Updated: May 8
Under normal conditions, fecal water loss is the largest component of water loss. In the normal horse, the fluid contents of the intestine amount to about 35 liters, 75 percent of which is found in the large bowel. The water content of the bowel is likely to be less during anorexia and substantially higher during diarrhea.
The only quantitative data on diarrhea was a study in a horse that was induced with aloin. In this study, the most substantial water loss observed was in one horse which put out 40 kg of feces containing an estimated 37 liters of water. The study suggested that horses with acute diarrhea may lose between 50 and 100 liters of water a day, and others estimate a range as high as 80 liters a day. Other conditions that are therapeutically equivalent to diarrhea are early colitis X and high intestinal obstruction. In both of these conditions, there is a rapid and substantial loss of fluid and electrolytes into the intestine without any overt diarrhea. As in diarrhea, there are substantial losses of gastric and pancreatic intestinal secretions which contain Na+ , K+ , and HCO3 ions.

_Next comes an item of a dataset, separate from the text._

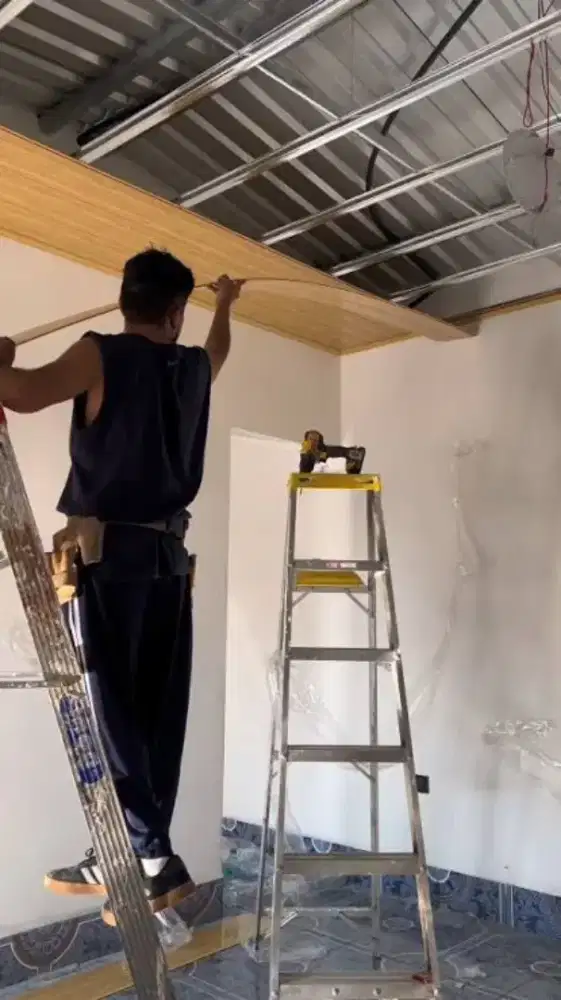 Tukang Bangunan Harian Borongan Kerja Ahli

Substantial K+ deficits are likely to develop in horses with acute diarrhea. Since horses with acute diarrhea are often anorectic, their potassium intake is greatly reduced, while fecal losses are greatly increased. In addition, changes in the acid-base balance of these horses may affect the potassium balance, a decrease in plasm pH being associated with a movement of K+ from intracellular to extracellular sites. Serum potassium levels of less than 3.0 mEq/L are suggestive of severe hypokalemia in the horse. Studies show K+ deficits of horses with acute diarrhea and hypokalemia may range up to several thousand mEq. Since attempts to replace K+ deficits of this magnitude intravenously are not advisable, oral administration of K+ chloride is the only logical approach, with serum K+ levels being used to guide the replacement therapy.
Studies show horses with profuse diarrhea tend to have significant decreases in the concentrations of all important electrolytes. In treating these horses, the studies find the best results by using Ringer's lactate with either 5 gms of NaHCO3 or 5 gms of KHCO3 or, in some cases, 5 gms of each added per liter. It is recommended a total of 40 liters of this fluid in twenty-four hours, the first 10 liters IV, and the remainder orally in twelve-hour intervals.
The rapid administration of solutions with such high concentrations of K+ and bicarbonate is not without danger, and this danger is greatly increased if renal function is impaired. In this case, the initial treatment of horses with suspected renal failure with the less dangerous Ringer's lactate is to be followed with more potent corrective solutions when evidence of good kidney function is obtained.